例によって青木教諭の余計な思い付きで、三年A組は模擬店を出店することになった。


『売上金を寄付すれば、内申書の評価が上がるわよ♪』


 と言われて、模擬店を出すことが決まったものの、肝心の売り物が決まらない。

 そこで名乗りをあげたのが、平松明良であった。

 実家が中華料理屋を営む彼は、男の身でありながら料理部部長をつとめる程の料理好きであった。

 平松は、売店でお手製のマフィンを売るように提案した。

 手軽に食べられるマフィンならば、材料費が安く済むし、利益率も高い。

 平松の提案に、クラス全員が賛成した。

 

 平松は実家のコネを使い材料を安く調達し、当日も朝早くから登校し、マフィン作りに取り掛かった。
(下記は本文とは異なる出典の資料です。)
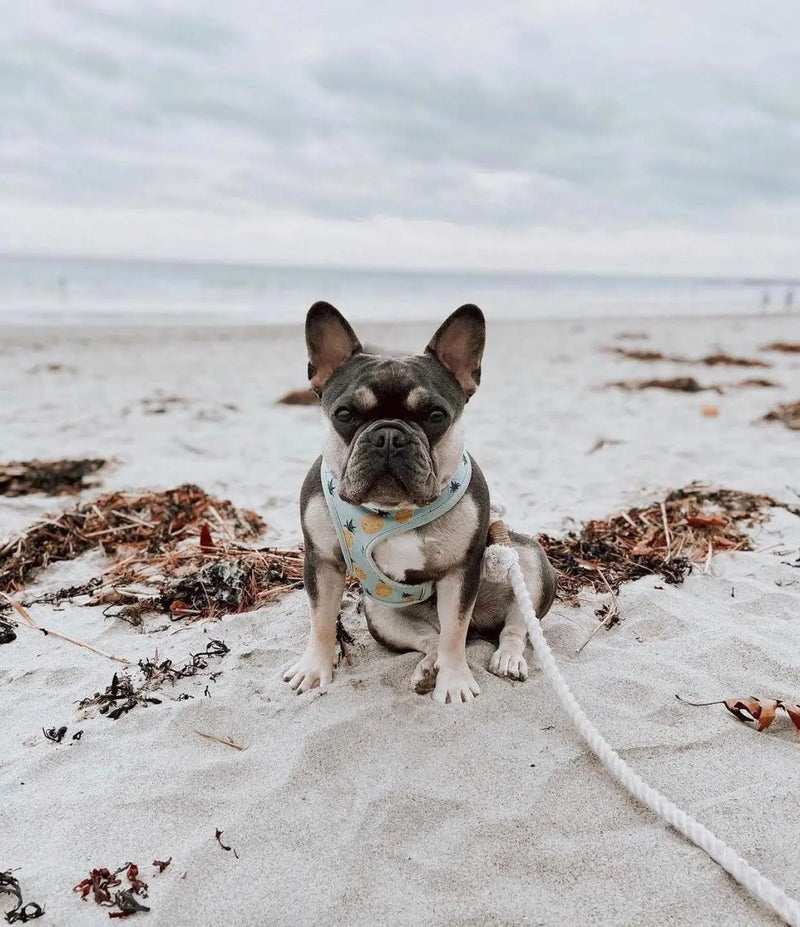 ROPE LEASH - OMBRE BLUE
 平松の骨身を惜しまぬ奮闘のお蔭で、準備は順調に進んだ。


 問題が起きたのは、文化祭開催直前の事である。

 文化祭実行委員を務めていた加納瑞樹は、三年A組に視察にやってきた。

 そして、出来上がったばかりのマフィンを味見と称して全て平らげてしまったのだ。


 普段は温厚な平松も、これにはさすがに激怒した。


「……だから『そんなに食ったらお前、太るぞ?』って、言ったんだ。だから、デブだなんて言ってねぇよ」


 額に汗をかきながら、必死に釈明するが、二人の女子は取り合わない。


「同じでしょ。デブにデブって言われるのってすごいショックなんだよ?」

「女の子相手にデブは禁句でしょう。デリカシーってもんが無いの?」

「…………」


 自分が言うのは構わないが他人に言われるのは許さない。

 女子特有の身勝手な理屈に一方的に責め立てられ、平松は口をつぐんだ。


「他になんかないか? 悩み事を抱えていたとか」

「悩みなんてあるはずないだろう?」


 即座に答えたのは塾通いの西崎である。


「教和大付属の推薦決まってんだろう? 悩みなんてあるもんか」


 彼の言う通り、加納瑞樹は市内にある私立の名門校、教和大付属日野原校の推薦入学が内定している。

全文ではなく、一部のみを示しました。